Emojis are good because words can be interpreted with a tone that was unintended, and can lead to all sorts of communication problems. It's small and simple, but an appropriate emoji helps convey our emotions in a way that is more difficult to in short, text based messages.
I agree about rapid short messages, I hate receiving 8 notifications about 1 short paragraph of text.
To me, it also feels less professional, but this thread has opened my eyes to this bias I have. So I am going to attempt to make less of a judgement on this moving forward.
An example is responding back to a message with "Ok.". I see many over, say, 50 do this much more often, but to many under, say 30, this is taken as very passive aggressive.
I can see how some might take a single "Ok." that way, but it probably really does depend a lot on context and the nature of the relationship. I tend to acknowledge most people's comments in a very mater-of-fact manner, but I feel adding a simple "thank you" (as in "Ok, thank you.") helps to dispel the raw bluntness of a plain "Ok."
"Please", "sorry", and "thank you"--these magic words can work wonders.
Definitely have experienced this.
> shear
sheer
> What one things is clear communication with no ambiguity, another might disagree.
thinks
> todays
today's
> age combined with the lines being blurred between work and home makes
age, combined with the lines being blurred between work and home, makes
> I think with just the... ...makes communication rapidly evolve
I think just the... ...makes communication rapidly evolve
> over, say, 50 do / under, say 30, this
over, say, 50 do / under, say, 30 this
> passive aggressive
passive-aggressive
In Slack I find that I can use emoji in lieu of some of the positivity, if that makes sense.

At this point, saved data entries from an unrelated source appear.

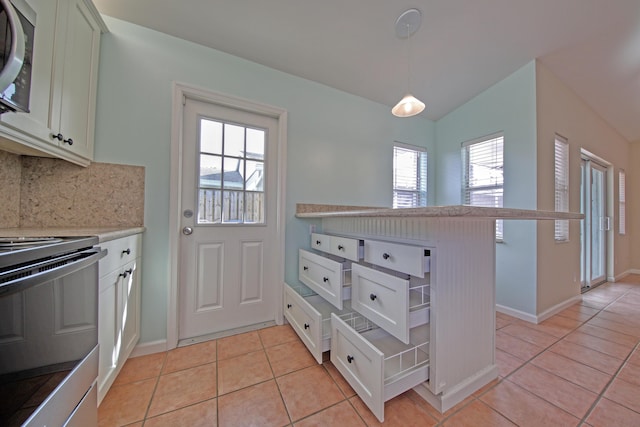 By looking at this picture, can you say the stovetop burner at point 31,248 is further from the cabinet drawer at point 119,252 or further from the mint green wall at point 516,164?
the mint green wall at point 516,164

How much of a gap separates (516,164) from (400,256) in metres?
2.11

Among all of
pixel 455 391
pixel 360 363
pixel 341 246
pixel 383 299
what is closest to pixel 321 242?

If I have any takeaway from this conversation it is that I should use _more_ emoji simply because a lot of emotional context is being lost through the internet. I feel like this is especially important because I manage people and my tone can really matter.

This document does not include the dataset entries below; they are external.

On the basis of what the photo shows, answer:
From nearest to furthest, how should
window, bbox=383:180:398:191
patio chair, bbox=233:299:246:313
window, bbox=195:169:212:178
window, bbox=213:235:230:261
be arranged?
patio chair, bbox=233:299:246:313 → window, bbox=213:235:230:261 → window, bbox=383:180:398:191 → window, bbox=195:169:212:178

Sure, you can add context in other ways, but it's quick, easy, and effective. Is it unprofessional? Perhaps in an email, but I don't consider every slack message something that should be "professional" in tone. You don't speak professionally to every person IRL (or, at least I hope you don't).
Well, that may be the case for some people, but I am not convinced it's the general case.
Also, how do you write (delineate, identify, etc) small, short sentences without periods?
I'm assuming people in a hurry - that don't have time for punctuation - do have time for tautological constructs? (small, short) ; )
Note: Rules are different for multi-sentence messages and single sentence messages. For messages with multiple sentences, its fine to insert periods between all sentences, but skip the last one. The above only applies to short messages with a single sentence.
However, periods were never used to end them, as absent a period it invited the reader to actually engage with the rest of the story. (This story may be apocryphal, but it sounds reasonable.)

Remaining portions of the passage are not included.